Spritz is an Italian cocktail made with prosecco, Aperol or Campari, and soda water. It is refreshing, light, and perfect for any occasion.

Spritz recipe

  • 9 cl Prosecco
  • 6 cl Select/Aperol/Campari/Cynar
  • Splash of soda water

Build all ingredients into a wine glass filled with ice. Stir gently.

Building a classic Spritz over ice

  1. Fill a chilled white wine glass generously with fresh ice. Plenty of ice is important here: it keeps the drink brisk and slows dilution so the bubbles stay lively.
  2. Pour in the sparkling wine first, aiming down the inside of the glass to preserve carbonation. A dry, bright Prosecco is the usual choice and gives the drink its light, orchard-fruit backbone.
  3. Add your bitter aperitivo next. Select gives a more traditional Venetian feel, Aperol makes it softer and orange-forward, Campari pushes it more bitter and vivid, and Cynar adds a darker herbal note.
  4. Top with a small splash of soda water rather than a heavy pour. The goal is lift and freshness, not to wash out the balance between wine and bitters.
  5. Stir gently once or twice with a bar spoon. You want the ingredients combined without knocking too much fizz out of the drink.
  6. Serve immediately while cold and sparkling. If you like, a slice of orange or a green olive can reinforce the style of aperitivo you chose.

What a Spritz tastes like

A Spritz is all about contrast: bubbly, lightly sweet, distinctly bitter, and very refreshing. The sparkling wine keeps it crisp, while the aperitivo brings citrus peel, herbs, and a softly bitter finish. With Aperol it reads easygoing and sunny; with Campari it becomes sharper and more adult; with Select it lands somewhere in between, with a classic Venetian aperitif character.

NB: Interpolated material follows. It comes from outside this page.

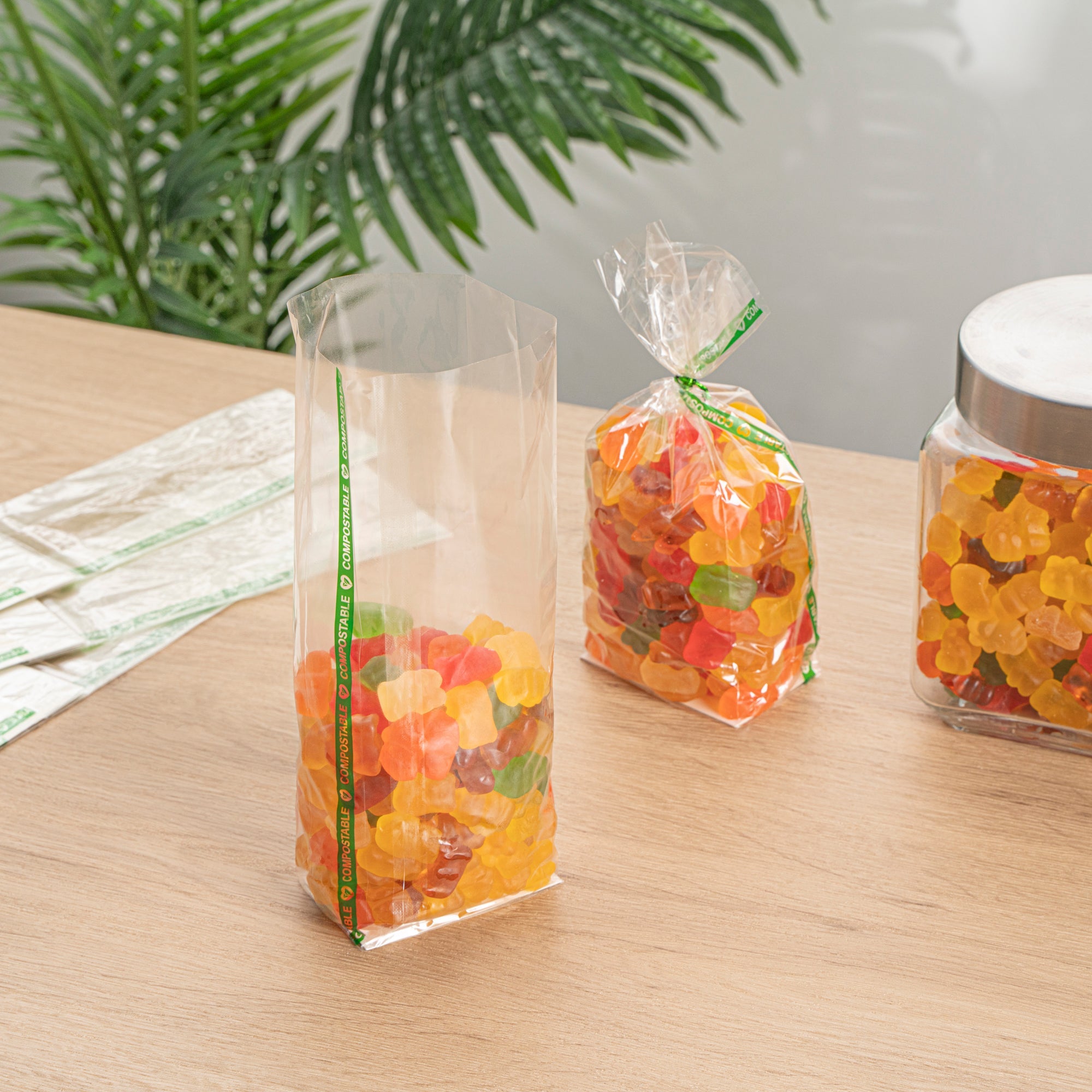 Basic Nature Clear Plastic Gusset Bag - Compostable, Paper Insert, Heat Sealable - 3" x 2" x 8" - 100 count box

Venetian roots and modern fame

The Spritz is most closely associated with Venice and the wider Veneto region. Its deeper origin is a little fuzzy, but the most credible story traces the name to the German spritzen, referring to adding a splash of water to local wine during the Habsburg era. Over time, sparkling wine and Italian bitter aperitivi turned that simple habit into the modern cocktail now seen everywhere from canal-side bars to summer terraces worldwide.

Best way to serve it

This drink works best as a pre-dinner aperitif alongside salty snacks, olives, crisps, or light seafood. Use lots of ice, serve it very cold, and don’t over-stir. If making one for someone new to bitter drinks, choose Aperol or use a slightly smaller measure of the bitter component at first.

A no-alcohol Spritz-style alternative

For a zero-proof version, build the drink with alcohol-free sparkling wine, a non-alcoholic Italian-style bitter aperitif, and soda over ice. Keep the same structure and garnish with orange. You’ll get the same bubbly, bittersweet aperitivo vibe without the alcohol.